J N Dixit warns of Pak-China nexus

EXPRESS NEWS SERVICE  
CHENNAI, JULY 8: The Kargil incursion by Pakistan was not a short-term adventure, but part of a long-term strategy to destabilise India, former foreign secretary J N Dixit said today.

Speaking on the Kargil issue at a public meeting organised by the city-based public opinion forum `Vigil', he warned of a China-Pak collusion to destabilise India.

He said that removing intruders from Kargil was only an interim solution. What was required was a long-term policy like stabilising the Line of Control (LOC) and maintaining an offensively defensive posture on the Kargil heights as was being done in Siachen.

Warning of UN action against India if the conflict expanded or prolonged beyond September when the UN General Assembly was slated to meet, he said not take the world reactions at face value, he warned.

Stating that Pakistan was not desirous of a working practical relationship with India, he quoted statements made by Pakistan foreign ministers over the years to indicate that the Pakistanis had always beensceptical of developing cordial relations with India.

He said that Pakistan's antipathy could be traced to the inferiority complex it suffers over its identity and to its bitterness in not having secured much of the lands it coveted during the Partition. Moreover, Pakistan looked at breaking India as a way of avenging its honour for having been forced to accede Bangladesh.
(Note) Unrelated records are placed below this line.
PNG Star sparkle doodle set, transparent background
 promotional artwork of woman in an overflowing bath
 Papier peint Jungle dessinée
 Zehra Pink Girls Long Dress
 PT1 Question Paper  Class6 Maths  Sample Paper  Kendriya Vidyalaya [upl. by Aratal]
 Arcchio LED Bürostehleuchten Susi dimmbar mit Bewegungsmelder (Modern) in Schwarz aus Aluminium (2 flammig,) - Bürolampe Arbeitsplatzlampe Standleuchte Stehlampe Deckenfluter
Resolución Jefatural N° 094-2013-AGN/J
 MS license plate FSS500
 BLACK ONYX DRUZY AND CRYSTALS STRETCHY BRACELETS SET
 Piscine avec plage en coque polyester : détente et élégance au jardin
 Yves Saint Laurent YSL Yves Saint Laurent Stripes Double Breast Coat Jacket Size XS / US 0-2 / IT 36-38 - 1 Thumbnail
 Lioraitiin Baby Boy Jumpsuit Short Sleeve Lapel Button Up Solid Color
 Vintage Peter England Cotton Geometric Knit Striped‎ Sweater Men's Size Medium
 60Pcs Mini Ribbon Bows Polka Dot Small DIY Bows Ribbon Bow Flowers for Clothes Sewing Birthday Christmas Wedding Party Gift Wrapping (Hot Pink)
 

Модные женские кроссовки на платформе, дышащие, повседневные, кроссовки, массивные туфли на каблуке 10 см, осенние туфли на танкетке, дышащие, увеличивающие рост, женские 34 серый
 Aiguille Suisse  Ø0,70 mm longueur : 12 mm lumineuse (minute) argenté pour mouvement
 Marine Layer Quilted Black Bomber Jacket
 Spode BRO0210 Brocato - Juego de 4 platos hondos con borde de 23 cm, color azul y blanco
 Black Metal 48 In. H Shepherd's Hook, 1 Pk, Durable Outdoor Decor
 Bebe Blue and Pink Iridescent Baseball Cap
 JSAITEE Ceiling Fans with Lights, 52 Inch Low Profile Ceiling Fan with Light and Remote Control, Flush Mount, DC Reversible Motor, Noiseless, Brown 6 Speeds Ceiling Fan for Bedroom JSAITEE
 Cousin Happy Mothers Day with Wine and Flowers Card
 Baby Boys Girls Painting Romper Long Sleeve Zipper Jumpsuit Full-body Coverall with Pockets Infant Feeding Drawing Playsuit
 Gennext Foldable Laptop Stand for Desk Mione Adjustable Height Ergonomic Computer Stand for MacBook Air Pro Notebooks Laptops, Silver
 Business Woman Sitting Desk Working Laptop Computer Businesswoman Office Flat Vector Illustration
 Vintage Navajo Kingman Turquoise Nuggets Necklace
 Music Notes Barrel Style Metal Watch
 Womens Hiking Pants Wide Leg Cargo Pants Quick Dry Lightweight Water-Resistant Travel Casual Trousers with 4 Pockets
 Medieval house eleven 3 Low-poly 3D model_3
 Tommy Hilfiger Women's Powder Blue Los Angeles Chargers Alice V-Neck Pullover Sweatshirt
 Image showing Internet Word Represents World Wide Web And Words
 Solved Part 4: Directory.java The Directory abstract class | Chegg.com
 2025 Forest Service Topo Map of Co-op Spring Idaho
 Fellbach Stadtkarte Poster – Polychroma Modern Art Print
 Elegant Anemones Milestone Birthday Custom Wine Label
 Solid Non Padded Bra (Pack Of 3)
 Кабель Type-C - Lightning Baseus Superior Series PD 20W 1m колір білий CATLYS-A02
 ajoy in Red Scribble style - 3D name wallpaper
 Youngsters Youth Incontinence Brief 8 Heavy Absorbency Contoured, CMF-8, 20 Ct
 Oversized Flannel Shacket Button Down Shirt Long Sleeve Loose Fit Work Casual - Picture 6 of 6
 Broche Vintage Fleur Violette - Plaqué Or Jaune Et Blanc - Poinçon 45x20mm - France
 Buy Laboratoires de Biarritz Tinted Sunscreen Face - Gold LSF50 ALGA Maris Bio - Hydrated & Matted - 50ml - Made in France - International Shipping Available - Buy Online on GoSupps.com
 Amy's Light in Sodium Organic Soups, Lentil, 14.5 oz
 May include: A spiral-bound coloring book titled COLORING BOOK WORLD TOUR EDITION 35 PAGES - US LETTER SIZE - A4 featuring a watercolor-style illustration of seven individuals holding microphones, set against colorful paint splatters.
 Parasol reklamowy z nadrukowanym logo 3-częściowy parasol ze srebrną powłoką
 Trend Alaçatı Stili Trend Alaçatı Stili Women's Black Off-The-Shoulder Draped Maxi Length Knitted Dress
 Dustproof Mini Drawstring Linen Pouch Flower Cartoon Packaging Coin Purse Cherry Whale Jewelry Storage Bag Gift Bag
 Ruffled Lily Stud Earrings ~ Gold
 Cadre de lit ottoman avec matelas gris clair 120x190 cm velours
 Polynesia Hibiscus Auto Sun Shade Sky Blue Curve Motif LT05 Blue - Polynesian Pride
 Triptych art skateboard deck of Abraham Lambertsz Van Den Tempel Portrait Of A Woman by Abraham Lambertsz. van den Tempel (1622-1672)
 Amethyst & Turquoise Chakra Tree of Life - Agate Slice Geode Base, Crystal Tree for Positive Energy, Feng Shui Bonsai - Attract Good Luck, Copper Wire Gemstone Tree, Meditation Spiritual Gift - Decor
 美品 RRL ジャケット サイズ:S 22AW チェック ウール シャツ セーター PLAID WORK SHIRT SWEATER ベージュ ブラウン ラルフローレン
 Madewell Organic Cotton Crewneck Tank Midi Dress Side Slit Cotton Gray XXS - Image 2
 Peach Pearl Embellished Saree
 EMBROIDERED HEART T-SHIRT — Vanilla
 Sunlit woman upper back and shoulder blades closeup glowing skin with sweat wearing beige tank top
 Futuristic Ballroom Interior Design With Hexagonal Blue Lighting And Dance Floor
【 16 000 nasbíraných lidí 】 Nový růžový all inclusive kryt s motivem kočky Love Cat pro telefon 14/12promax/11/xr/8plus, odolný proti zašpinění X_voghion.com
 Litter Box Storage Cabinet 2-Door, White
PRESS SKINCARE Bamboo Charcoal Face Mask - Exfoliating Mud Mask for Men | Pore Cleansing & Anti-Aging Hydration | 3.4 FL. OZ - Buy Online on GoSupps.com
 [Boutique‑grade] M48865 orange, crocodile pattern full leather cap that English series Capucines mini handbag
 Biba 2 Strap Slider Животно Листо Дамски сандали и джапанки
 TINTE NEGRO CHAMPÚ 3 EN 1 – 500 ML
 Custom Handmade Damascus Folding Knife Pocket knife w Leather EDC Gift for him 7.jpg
Going into the geo-statistical aspects of the Kargil adventure, he said that Kargil had been a targeted area in the minds of the Pakistanis since 1988. However, India's focus was on the valley. He said that while reports suggested that operational plans had been drawn up in September last, Pakistan Prime Minister Nawaz Sharif himself had declared in November last in Muzzafarabad that Kargil was part of Pakistan.

Rajya Sabha MP Arun Shourie said that the Kargil adventure must awaken Indians to the fact that they needed to be more security-conscious.